**Activity:** Under this line is some data; print exactly the lines from the one containing "Mini Security Camera 1080P Night Vision WiFi" through its last line, without pictures.

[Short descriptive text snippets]
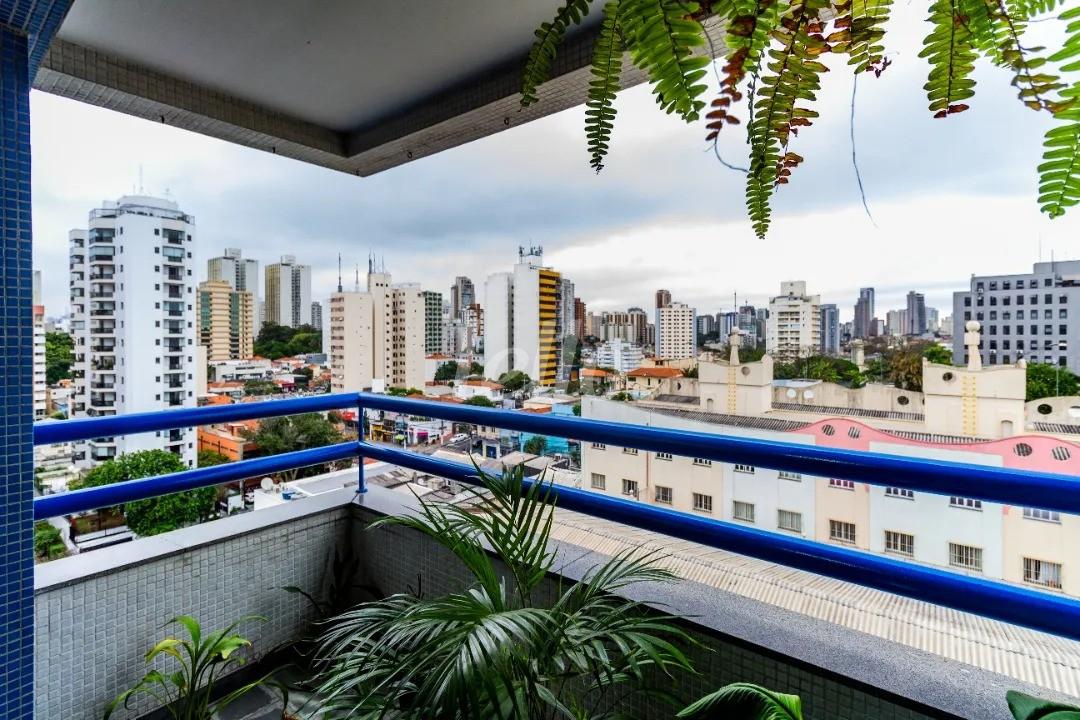 VARANDA de Apartamento à venda, Padrão com 84 m², 3 quartos e 2 vagas em Vila Pompeia - São Paulo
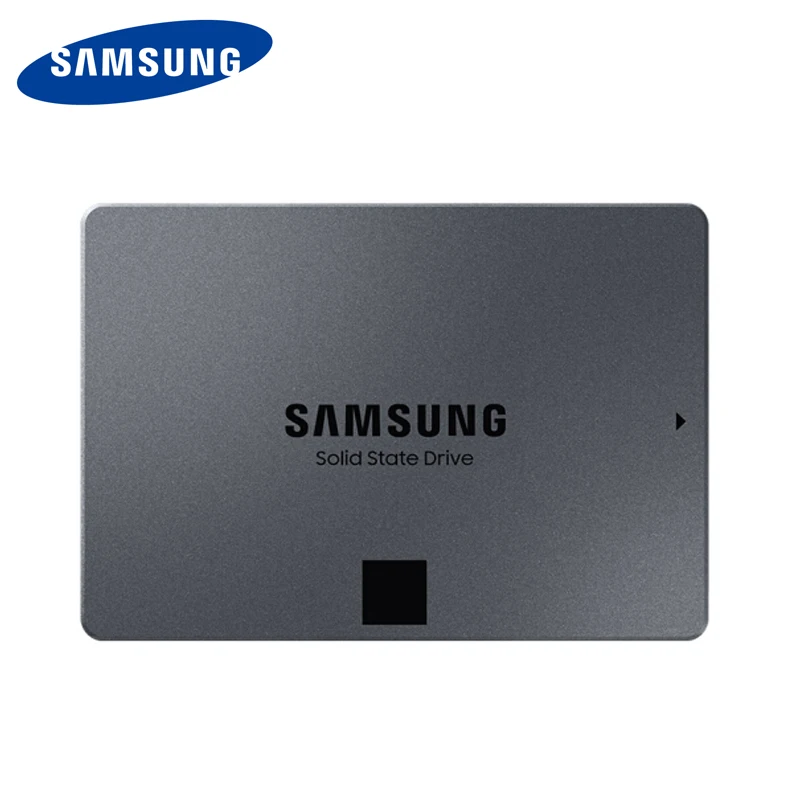 100% Samsung 2Tb Ssd 1Tb 2.5 "870 Qvo 4Tb 8 Tbhdd Interno Sata Iii Qlc Sata3 Disco Rigido A Stato Solido Nuovo 100% Originale Per Desktop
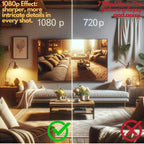 Mini Security Camera 1080P Night Vision WiFi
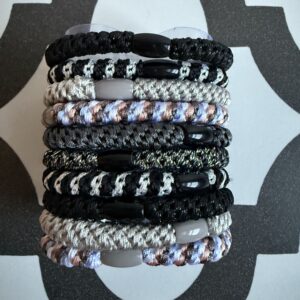 mix 10 bracelets élastiques 1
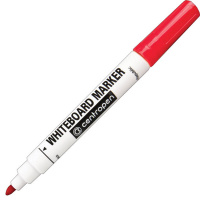 Маркер для белой доски "Centropen" красный, пулевидный наконечник, толщина линии 2,5мм 8559 0104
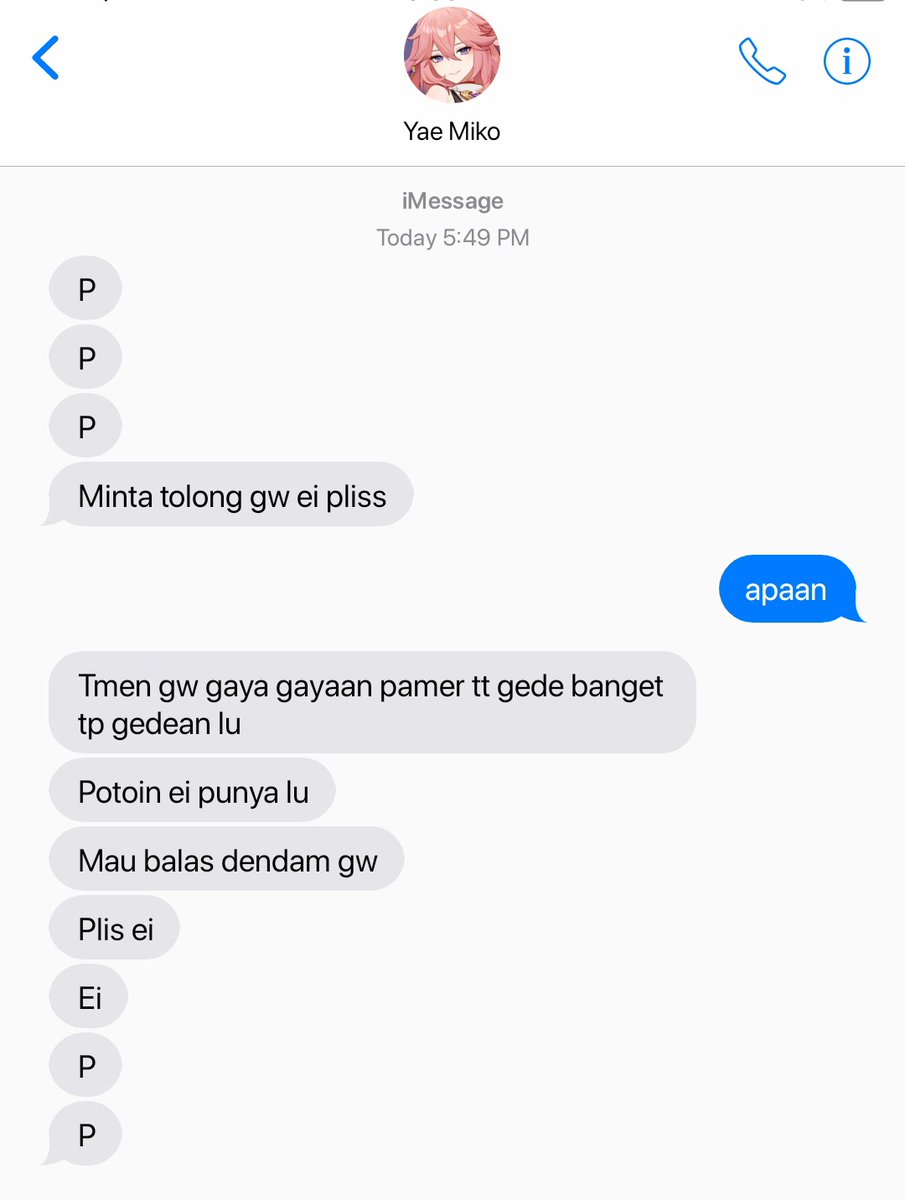 babufess's tweet photo. aubabu cw // nsfw , gxg , yaebaal

damn yae you're THAT desperate? 💀💀 https://t.co/RxogIopR3L
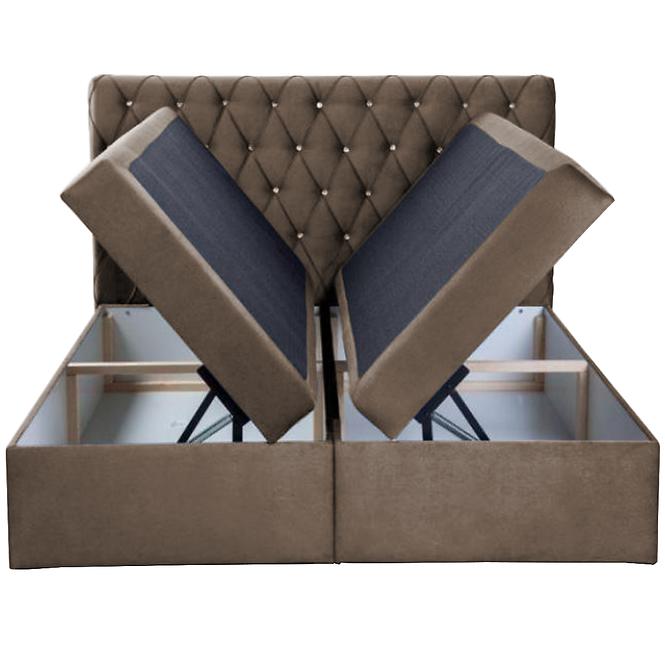 Kontinentális ágy Box 6 160x200 Paros 03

**Output of the exercise:**
 Mini Security Camera 1080P Night Vision WiFi
 mix 10 bracelets élastiques 1
 Маркер для белой доски "Centropen" красный, пулевидный наконечник, толщина линии 2,5мм 8559 0104
 babufess's tweet photo. aubabu cw // nsfw , gxg , yaebaal

damn yae you're THAT desperate? 💀💀 https://t.co/RxogIopR3L
 Kontinentális ágy Box 6 160x200 Paros 03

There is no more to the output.